[TASK OBJECTIVE] Start the copy at the line containing "Maruti Suzuki Eeco" and run it through the last line of the records. Repeat each line exactly; omit pictures.
[DATA SHOWN]
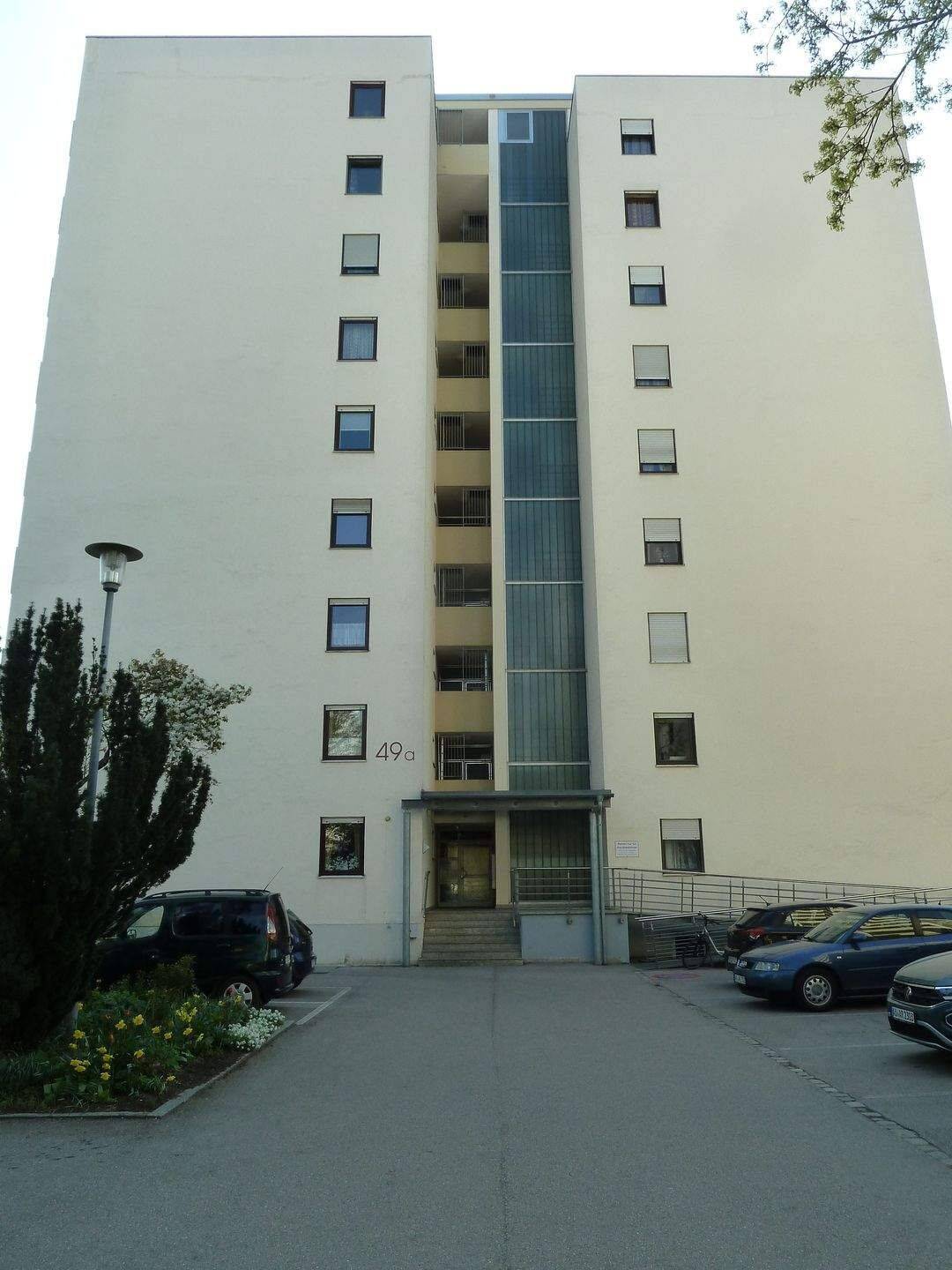2- Zimmer-Wohnung, 84489 Burghausen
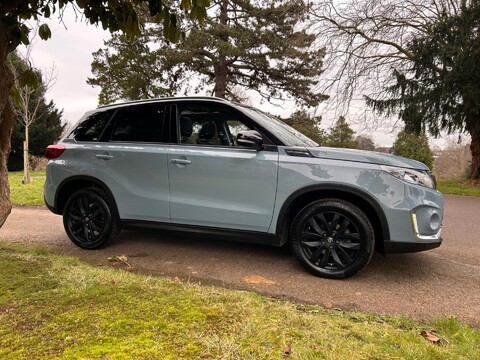 Suzuki Vitara SZ5 BOOSTERJET ALLGRIP 18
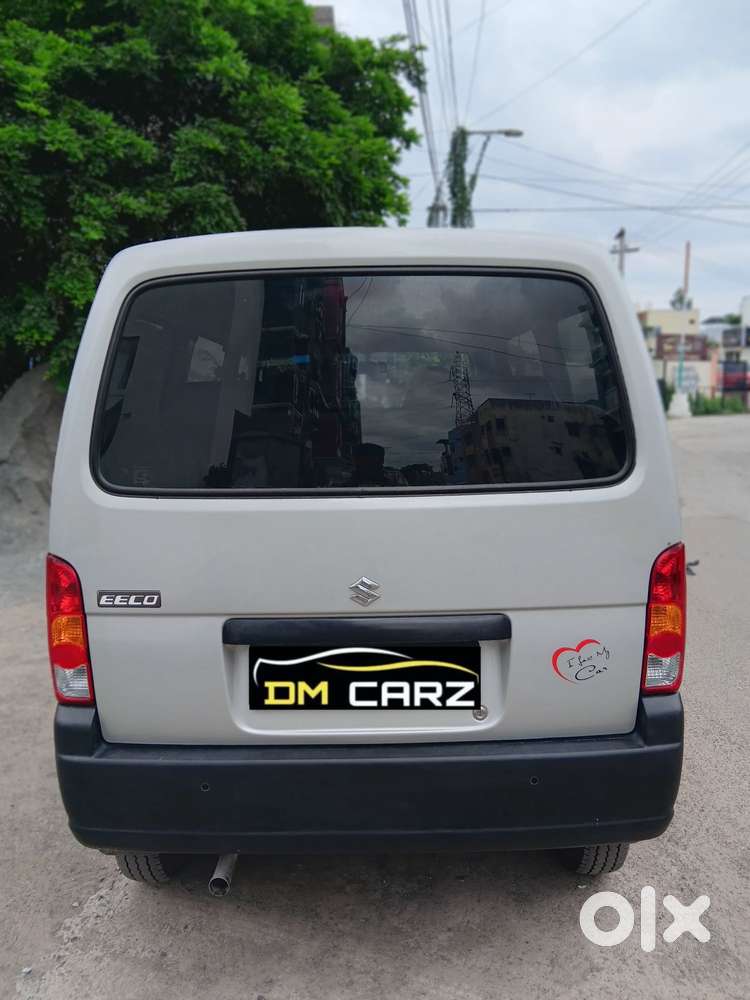 Maruti Suzuki Eeco 5 Str Ac(o) Cng, 2024, Cng & Hybrids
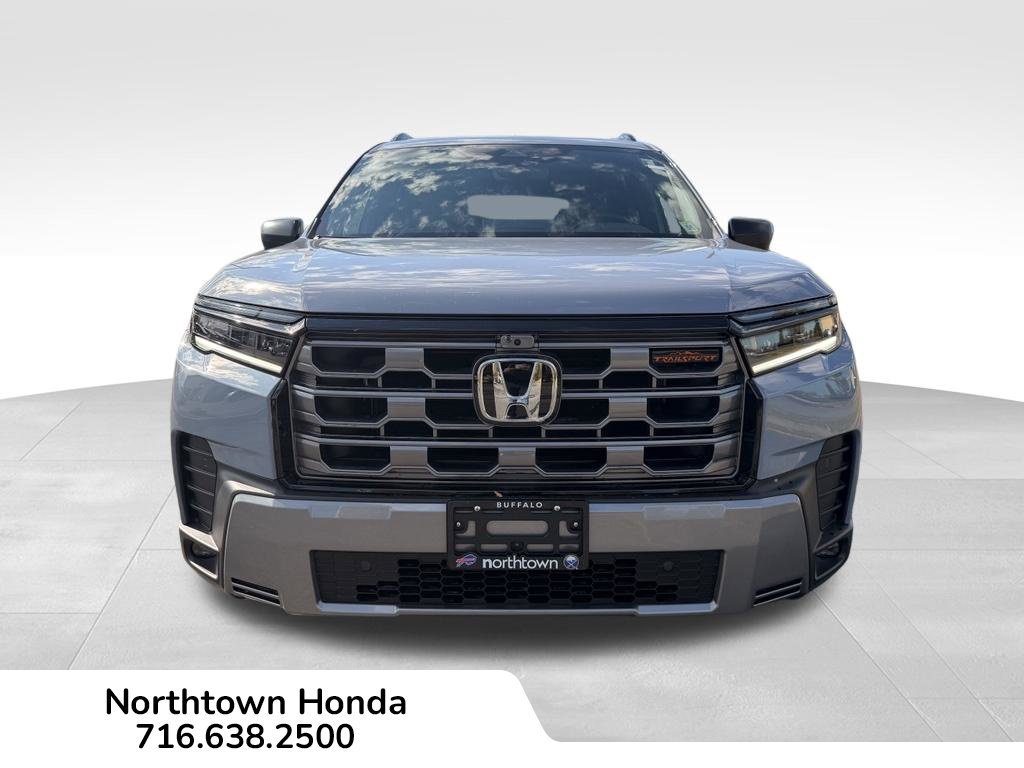 New 2026 Honda Pilot TrailSport image 3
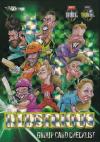 2022-23 TLA Traders Cricket Australia - Illustrious - Green
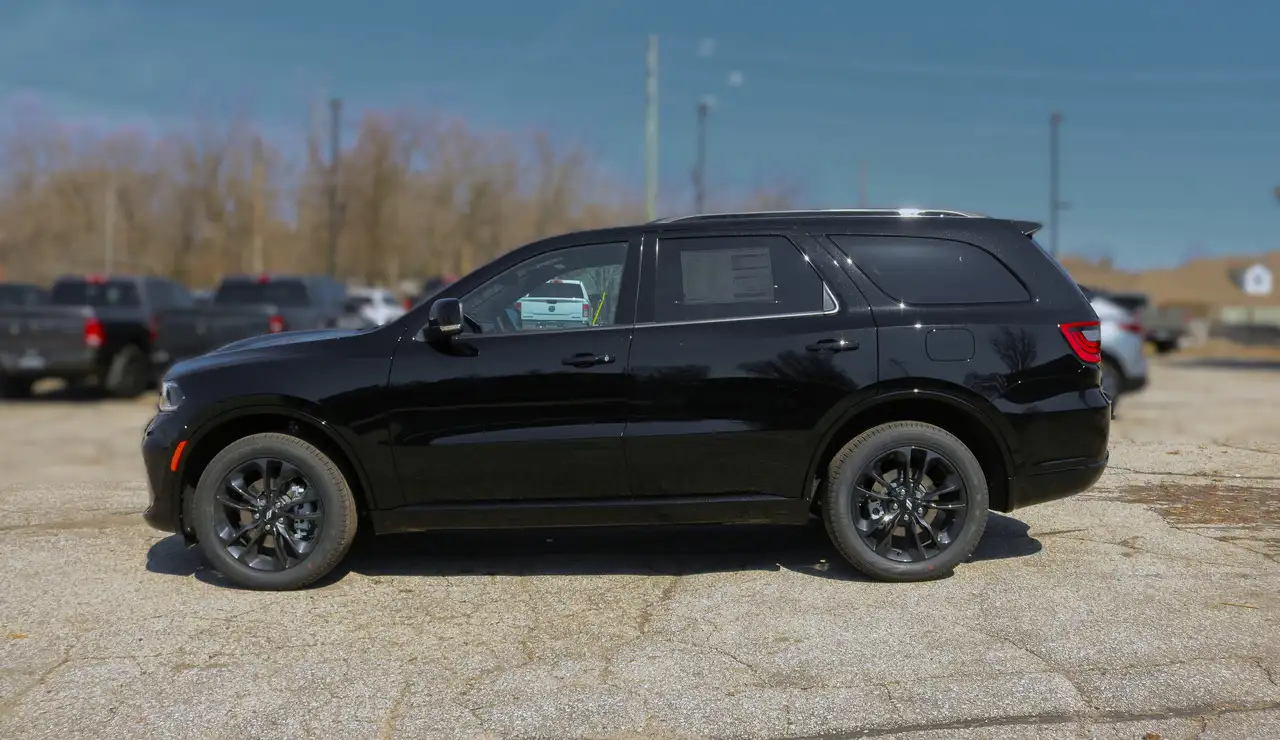Dodge Durango photo Dodge Durango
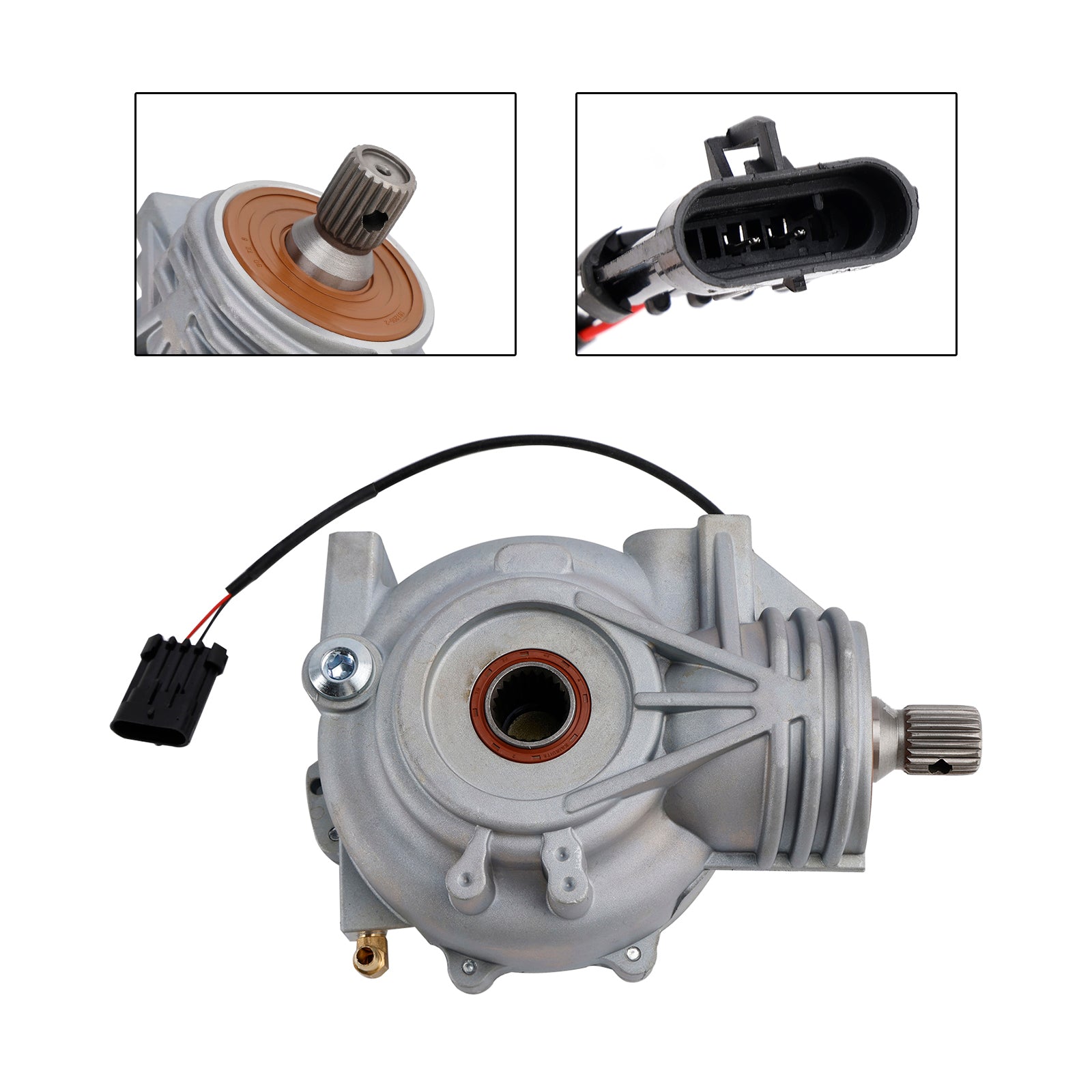 Sea-Doo GTX GTI GTR Kit de boîtier de viande avant différentielle 1333243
[/DATA SHOWN]
[EXPECTED ANSWER]
 Maruti Suzuki Eeco 5 Str Ac(o) Cng, 2024, Cng & Hybrids
 New 2026 Honda Pilot TrailSport image 3
 2022-23 TLA Traders Cricket Australia - Illustrious - Green
Dodge Durango photo Dodge Durango
 Sea-Doo GTX GTI GTR Kit de boîtier de viande avant différentielle 1333243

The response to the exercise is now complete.